Happily for the nonspecialist, the primary research papers are accompanied by commentaries that explain what the research means, why it needed to be done, and how it was done. Here we get a rare glimpse, provided by a working scientist, into how scientific collaborations arise, how discoveries are made, how a finding on one disease can inform research on other disorders, and how research is translated from the laboratory bench to the clinic. These personal accounts tell a story of how science happens.

The identification of a pain gene may be relevant to many of us. Following up on the identification of one specific gene as a central player in the man on fire syndrome, research on that gene has extended to the broader general population, where it is important in common disorders such as trigeminal neuralgia that can affect any of us. Research on this gene also provides a vivid example of the developing strategy of precision medicine, guided by genomics, that has the promise of relieving pain first time around. It may also point the way toward development of a new class of pain medications that are more effective and that do not have addictive potential. While much remains to be accomplished before the scourge of chronic pain can be effectively treated in most people, we now have a strong scientific foundation that in the fullness of time will enable this, thanks in significant part to the passionate and effective contributions chronicled here.

James E. Rothman

Nobel Laureate in Physiology or Medicine (2013)

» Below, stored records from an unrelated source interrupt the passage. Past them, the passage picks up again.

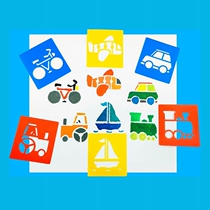 Creative DIY handmade art art painting tools hollow template childrens painting graffiti toy template-traffic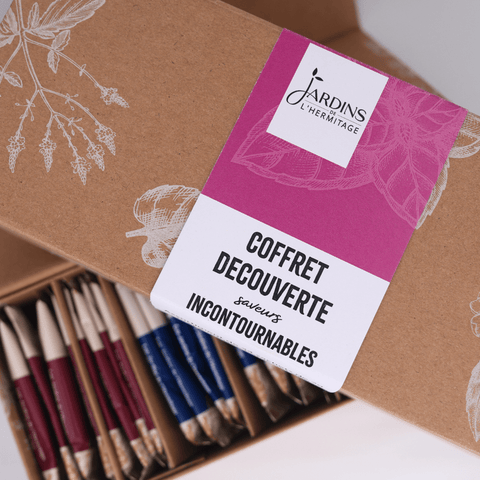 Coffret découverte d'infusettes de thés et infusions saveurs incontournables - Les Jardins de l'Hermitage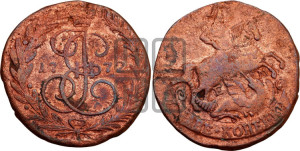 2 копейки 1772 года ЕМ (ЕМ, Екатеринбургский монетный двор)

Professor, Yale University

This volume had its origin when several people suggested that I write a book on my search for a pain gene, a gene that controls pain sensibility in humans. Each suggested that the topic was timely, but each imagined a book for a different audience. A colleague forwarded the idea of a text for scientists-in-training and physicians-in-training, another suggested a book for a lay readership interested in pain, and still another suggested a volume for scientists and physicians. In the end, after consulting with colleagues, book publishers, and editors, and ultimately with Bob Prior of MIT Press, I decided to take a hybrid approach, combining some of my primary papers with commentaries that place them in a broader context in order to reach all these audiences.

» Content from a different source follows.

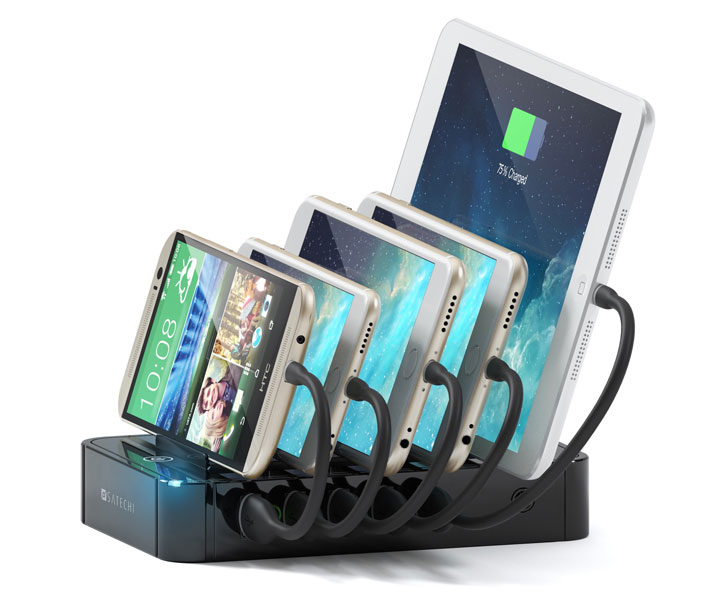 Satechi 5-Port USB Charging Station Dock - Black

Chronic pain affects more than 250 million sufferers around the world, is a leading cause of disability, and occurs more frequently than cancer, heart disease, and diabetes combined. The available pain medications are often ineffective or only partially effective. The number of patients needed to be treated, in order to achieve a 50% reduction in pain, is more than four for most of the currently available medications. And, many of the currently available pain medications produce side effects that impair quality of life and limit their use. There is a pressing need for new and better pain medications, and that, in turn, requires that we understand pain at a fundamental level.

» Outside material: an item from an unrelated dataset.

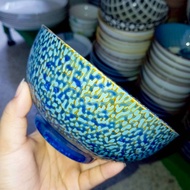 6-Inch Ceramic Cup Curry Ramen Japanese Sea Pattern Made Of Good Quality Can Be Used In The Microwav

The cells within our bodies, including pain-signaling nerve cells, are built largely of protein molecules. The blueprints for these essential building blocks are contained within the human genome, within more than 20,000 genes. Thus genes can tell us how pain-signaling nerve cells work, and might show us how to design new medications.

This type of genetic approach propelled the development of the statin medications, which regulate our lipid levels and have had an immense impact on health. In the case of the statins, it was the discovery and study of very rare families with inherited hypercholesterolemia that pointed the way to drugable molecular targets and ultimately to a new class of medicines. Rare genetic disorders can teach us important lessons about more common diseases. By analogy to the statins, the discovery of a pain gene would almost certainly teach us important lessons about chronic pain and how it arises. It also might facilitate the development of more effective pain medications, hopefully devoid of central side effects such as confusion, loss of balance, sleepiness, and addictive potential.